What Experts Are Saying

“Yes, I am surprised...it is very different from what we've seen before,” said Luis Enrique Amaya, a Salvadoran researcher and consultant specializing in public security, when asked why the gangs are yet to respond to the government's crackdown.

“The Bukele government has proved the best at negotiating with the gangs, and, at the same time, the one that has hit them the hardest,” Amaya told InSight Crime.

What Amaya describes as “the best negotiations and best strategy for combatting gangs” has two fundamental pillars. First, the concentration of power enjoyed by Bukele goes far beyond the executive branch and allows him to create or reform laws “overnight,” something that none of the six preceding governments has had. Second, Bukele maintains massive popular support in El Salvador.

“Bukele has fewer legal and human rights restrictions than other presidents, which has allowed him to better negotiate [with] and combat [gangs] than previous [presidents]," said Amaya. "Right now, there is no counteroffensive from the gangs, because this president is hitting them harder than previous ones."

InSight Crime also spoke to Tiziano Breda, Central America analyst for the International Crisis Group. Breda agrees that the current scenario is radically different from the breakdown of gang negotiations in 2015.

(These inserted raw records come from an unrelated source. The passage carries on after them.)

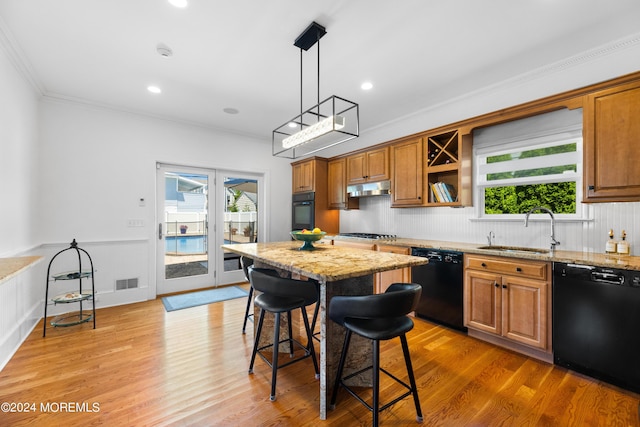 kitchen featuring light stone countertops, black appliances, decorative light fixtures, a breakfast bar, and sink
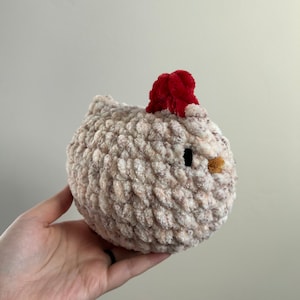 May include: A crocheted plush toy shaped like a chicken. The chicken is light brown with a red pom-pom on its head and black eyes.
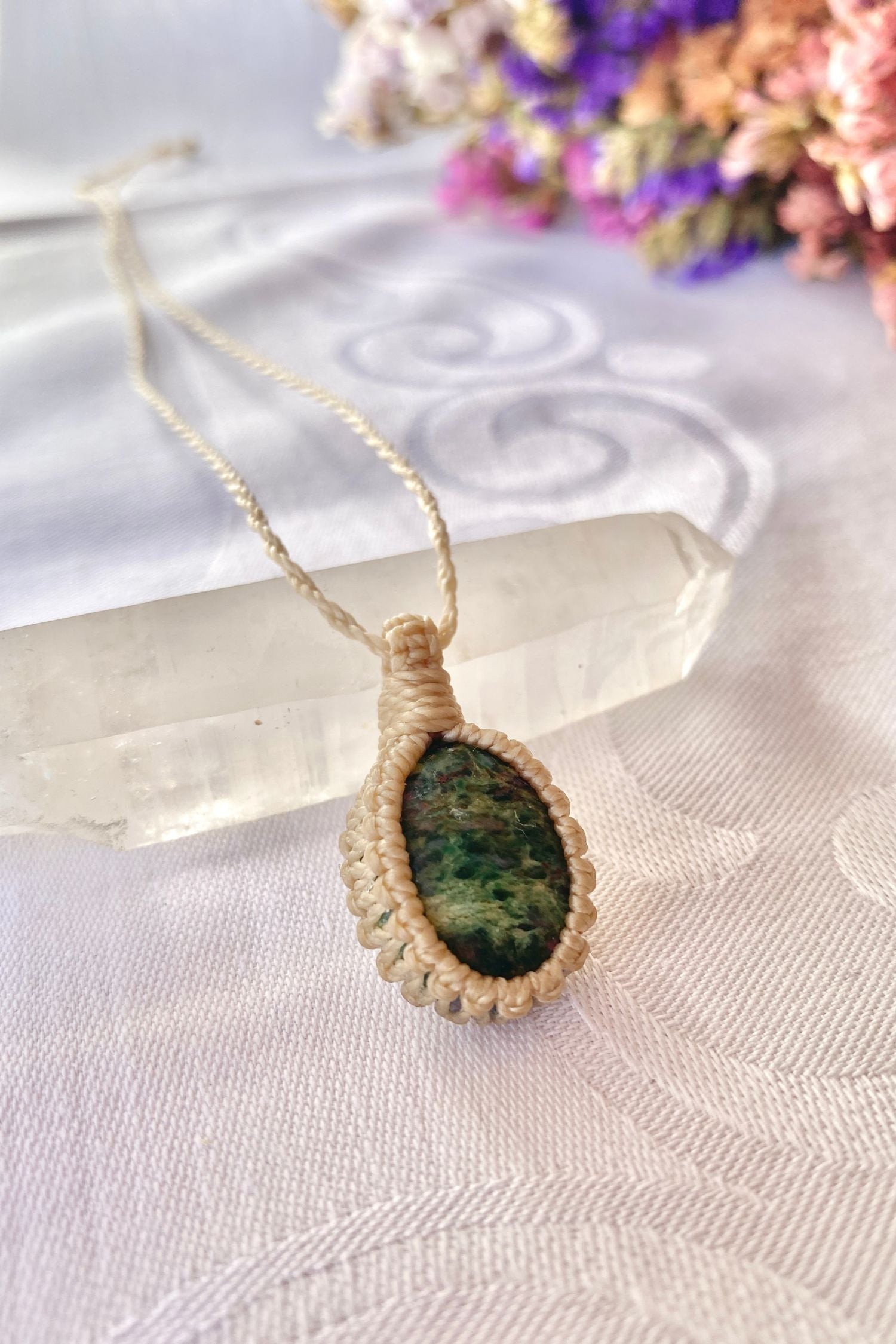 Side angle view of the Ruby Fuchsite Macrame necklace, showing the fine macrame details and the unique natural gemstone centerpiece.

“The gangs paid a very high price between 2015 and 2016 [when they opted for open war against the police and the military]," Breda told InSight Crime. "That is why they are probably considering an open confrontation as the last and least desirable scenario, perhaps hoping that, as on past occasions, this show of muscle by the Bukele government will be temporary.”

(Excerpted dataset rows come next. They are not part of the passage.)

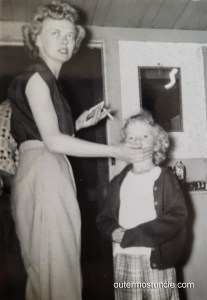 Black and white vintage photo of a lady with a cigarette, shooshing a child. She has her hand over the child's mouth.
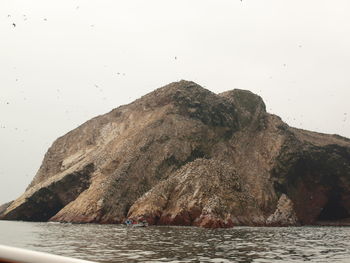 Rocks in sea against clear sky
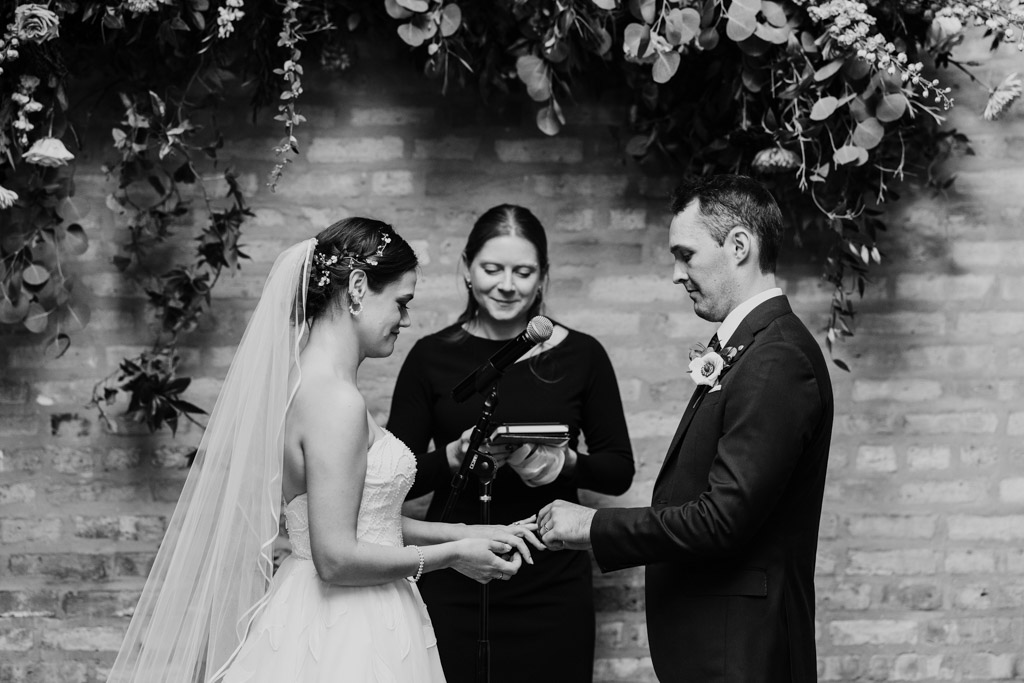 Black and white photo of bride and groom exchanging rings during their wedding ceremony at The Arbory Chicago, with an officiant standing behind them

“The second reason is that the deployment of state forces and the magnitude of the arrests have been surprising, forcing gangs to prioritize strategic withdrawals to avoid arrest," said Breda. "Despite the official rhetoric, the state's current offensive focuses more on arrests than annihilation,” as was the case in 2015, he added.

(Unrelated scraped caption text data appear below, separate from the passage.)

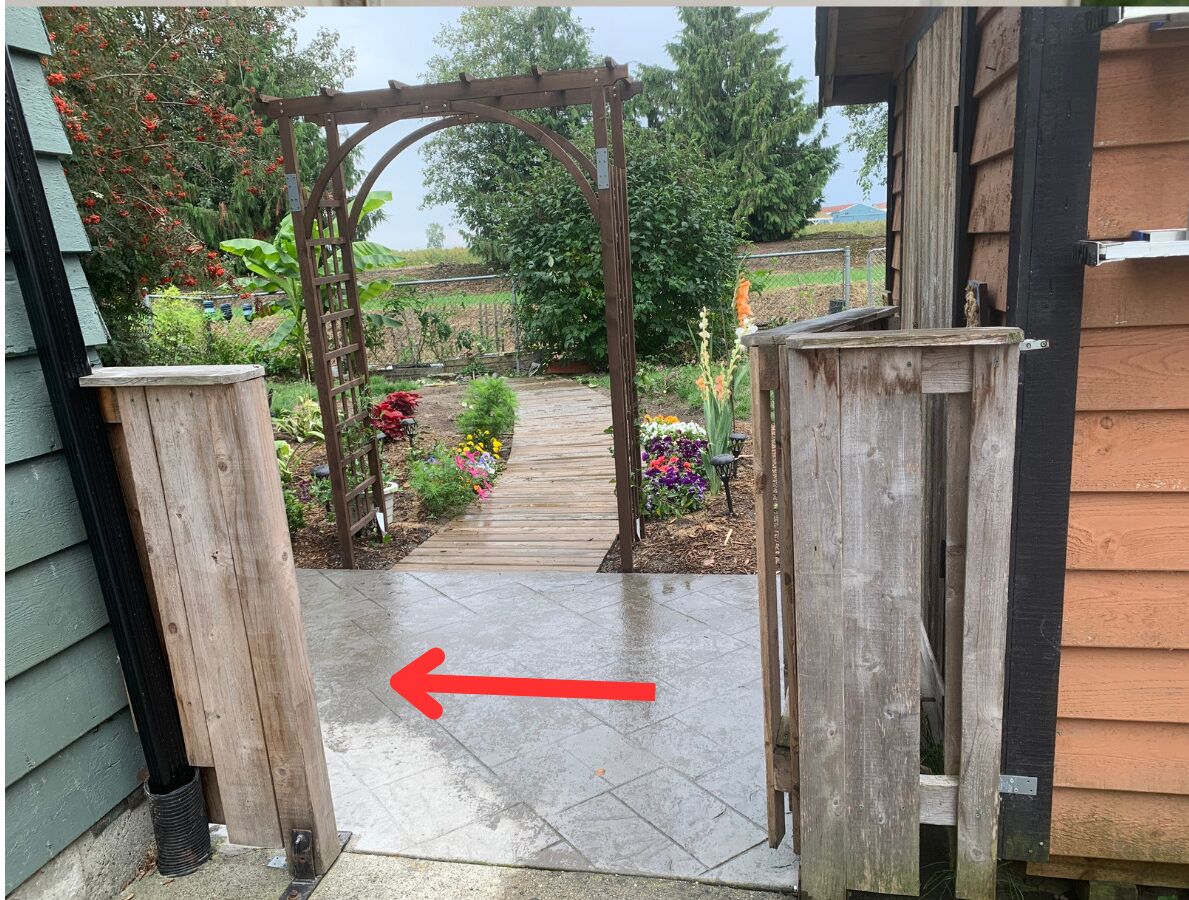 A wooden pergola entrance to a garden with a pathway leading through it.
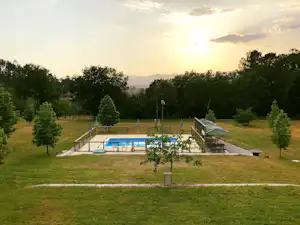 Schwimmbecken auf einem Campingplatz mit Liegen und Zaun, umgeben von Rasen und Bäumen bei Abendlicht.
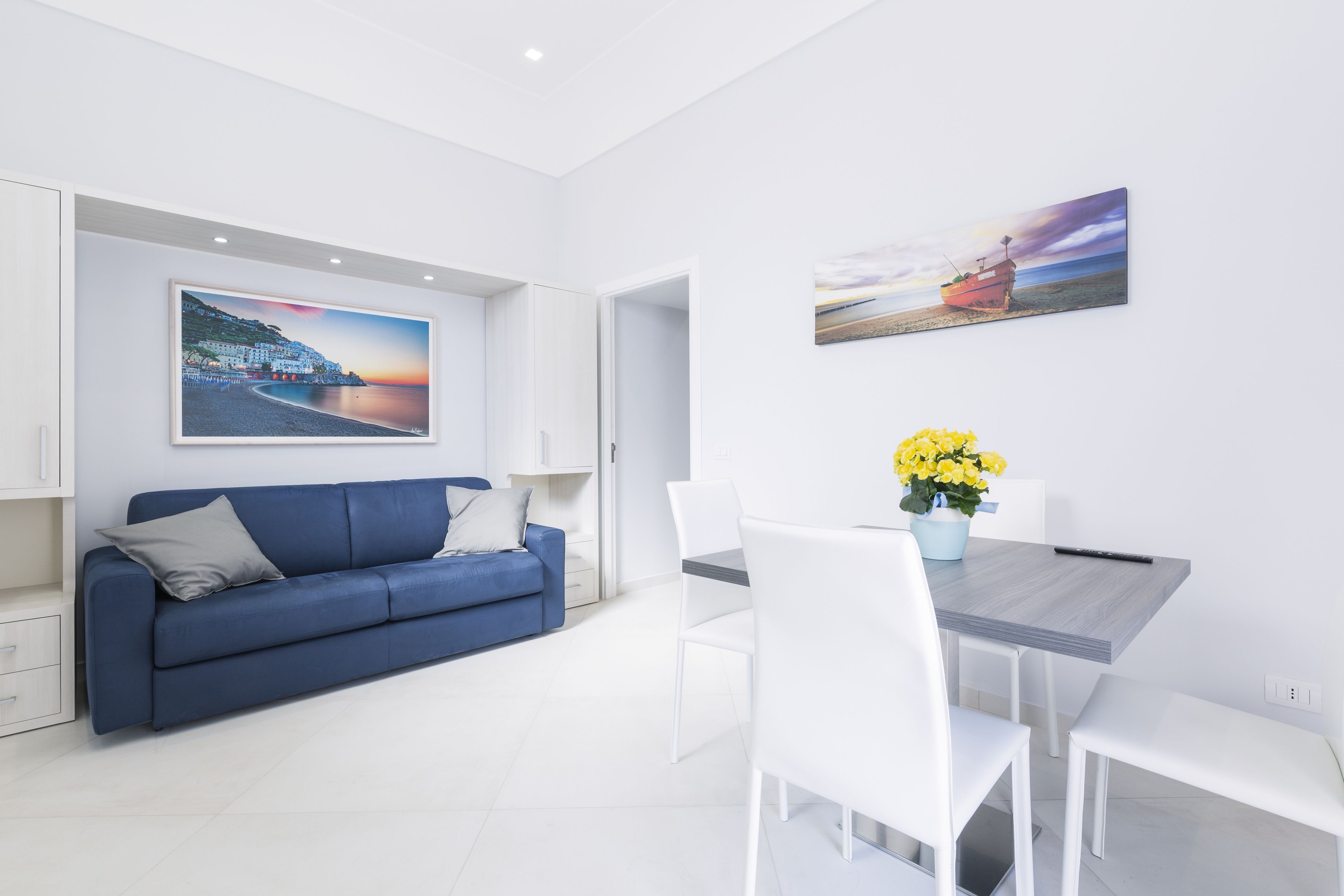 A modern living room with a blue sofa, white dining table, and chairs, a painting of a coastal scene, and a vase with yellow flowers.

According to Breda, one of the reasons for the relatively low number of seized rifles reported by police is "that the gangs have managed to hide most of their weapons."

Arms seized from gangs in El Salvador. Source: Communications Secretary..

Now What?

Both Amaya and Breda believe it's unlikely El Salvador will soon see a wave of murders like in 2015, when the homicide rate rocketed to the surreal figure of 106 homicides per 100,000 inhabitants.

By way of comparison, if current trends continue El Salvador could end the year with around 14 homicides per 100,000 inhabitants, its lowest rate in the past century.

“This government has hit the gangs better than the previous ones, and it doesn't seem like they can respond in the short term. Rather, there could be an attempt to foster conditions for renewed dialogue and negotiations, especially before the 2024 [presidential] elections,” said Amaya.

“I think it's unlikely El Salvador will return to high rates of violence seen in 2015. But the risk of homicide rates going up again is very high, especially if the government is not open to resuming the [negotiation] process that ended in March or considering proposals for the demobilization of those wanting to leave gang life and rehabilite,” said Breda.

For now, the government rhetoric remains firmly centered on the war on gangs. “We want to tell the gangs that it is not going to stay like this. They are going to pay dearly for the murder of these three heroes,” Bukele said in a press conference after the three police officers were killed by members of the 18-Sureños.

The Bukele government has also started building a mega-prison to house some 20,000 gang members in Tecoluca, a rural area in the San Vicente department.

Bukele has repeatedly denied that his government is negotiating with the gangs, ridiculing those who have done so in the past while his officials engage in the same under-the-table discussions. One member of the Barrio 18-Sureños gang member privy to the negotiations confirmed this to the BBC.